Professionisti e partite Iva, ecco come cambia il fisco

Redazione DottNet | 17/05/2016 10:46

Novità per i medici: gli accertamenti fiscali non saranno più effettuati con studi di settore. Anche la quota di deducibilità dell'Imu dal reddito d'impresa, oggi limitata al 20% potrebbe aumentare.

Medici e professionisti, si cambia regime. Con le semplificazioni e la previsione di una flat tax il fisco si rinnova per tutte le partite Iva. Molte le modifiche che saranno applicate, dall'abolizione degli studi di settore, alla deducibilità dell'Imu, fino agli effetti della sentenza delle Sezioni Unite della Cassazione per quanto concerne l'Irap, pubblicata qualche giorno fa: anche i piccoli studi professionali e le ditte individuali con un solo dipendente e con mansioni esecutive saranno esenti dall'Irap.(clicca qui per scaricare la sentenza completa).
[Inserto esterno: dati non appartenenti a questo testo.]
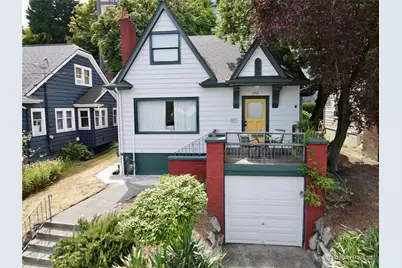 1915 Dexter Avenue N, Seattle, WA 98109 - Photo 1
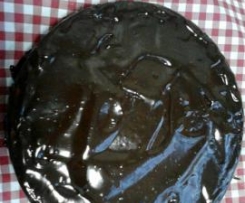 Bolo de abóbora com cobertura de chocolate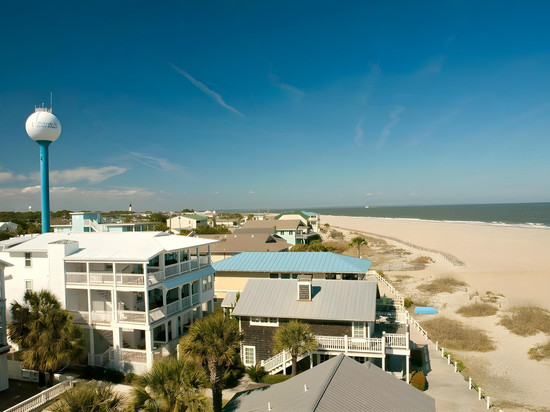 德索托海滩露台酒店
Infatti non paga l'IRAP il professionista che si avvale di un solo dipendente con mansioni di segreteria e di beni strumentali minimi per l'esercizio della propria attività, come affermano le Sezioni Unite di Cassazione nella sentenza n. 9451/2016 che torna sull'orientamento già tracciato in precedenza nella sentenza n. 3676/2007.

La pronuncia origina dal ricorso dell'Agenzia delle entrate nei confronti della sentenza della Commissione tributaria regionale della Campania che, rigettandone l'appello, aveva riconosciuto a un avvocato il diritto al rimborso dell'IRAP versata per gli anni dal 2000 al 2004. Nel rigettare il ricorso dell'Agenzia, la Corte enuncia il seguente principio di diritto: "con riguardo al presupposto dell'IRAP, il requisito dell'autonoma organizzazione, previsto dall'art. 2 del d.lgs. 15 settembre 1997, n. 446, il cui accertamento spetta al giudice di merito ed è insindacabile in sede di legittimità se congruamente motivato, ricorre quando il contribuente; a) sia, sotto qualsiasi forma, il responsabile dell'organizzazione e non sia, quindi, inserito in strutture organizzative riferibili ad altrui responsabilità ed interesse; b) impieghi beni strumentali eccedenti, secondo l'id quod plerumque accidit, il minimo indispensabile per l'esercizio dell'attività in assenza di organizzazione, oppure si avvalga in modo non occasionale di lavoro altrui che superi la soglia dell'impiego di un collaboratore che esplichi mansioni di segreteria ovvero meramente esecutive".

Ma torniamo alla riforma fiscale, che, pensata dal governo per andare incontro a chi ha una partita Iva ma non le dimensioni sufficienti a far fronte alla crisi economica, partirà questo mese, tramite la presentazione di un correttivo al decreto semplificazioni attuativo della delega fiscale, e terminerà a dicembre con la prossima legge di Stabilità.

Tra le novità introdotte, spicca la 'flat tax', ossia l'imposta sul reddito dell'imprenditore (Iri) con la quale tutte le imprese personali che lasciano gli utili in azienda verranno 'premiate'. Si tratta di una tassazione proporzionale (Ires) e non più progressiva (Irpef).

Per determinate categorie, poi, come i professionisti, gli accertamenti fiscali non saranno più effettuati con studi di settore. Anche la quota di deducibilità dell'Imu dal reddito d'impressa, oggi limitata al 20% potrebbe aumentare. Ci sono poi gli effetti della sentenza della Cassazione, che ha dichiarato esenti da Irap le ditte individuali e gli studi professionali, anche se impiegano un solo dipendente, purché questo abbia mansioni esecutive, che esulano la specifica professionalità che caratterizza l'attività (come ad esempio una segretaria o un addetto alle pulizie).

La sentenza lascia aperta la questione dei rimborsi, mentre per quanto riguarda le semplificazioni, è già stata annunciata una riduzione delle comunicazioni (come assegnazione di beni ai soci o le dichiarazioni d'intento), l'addio allospesometro e una maggiore digitalizzazione degli obblighi per spingere le partite Iva alla comunicazione telematica di tutti i dati delle fatture.

Tra le semplificazioni è prevista anche la cancellazione dell'obbligo di comunicazione annuale delle informazioni cui l'Agenzia è già in possesso dopo la trasmissione effettuata negli anni precedenti, ad eccezione di eventuali variazioni. Il padrone di casa, ad esempio, non sarà obbligato a trasmettere le comunicazioni sugli affitti ogni anno. Inoltre, sulla questione caselle di posta elettronica certificata, tutti gli atti dell'Agenzia delle Entrate, compresi gli accertamenti fiscali, saranno recapitati all'indirizzo Pec del professionista o dell'impresa.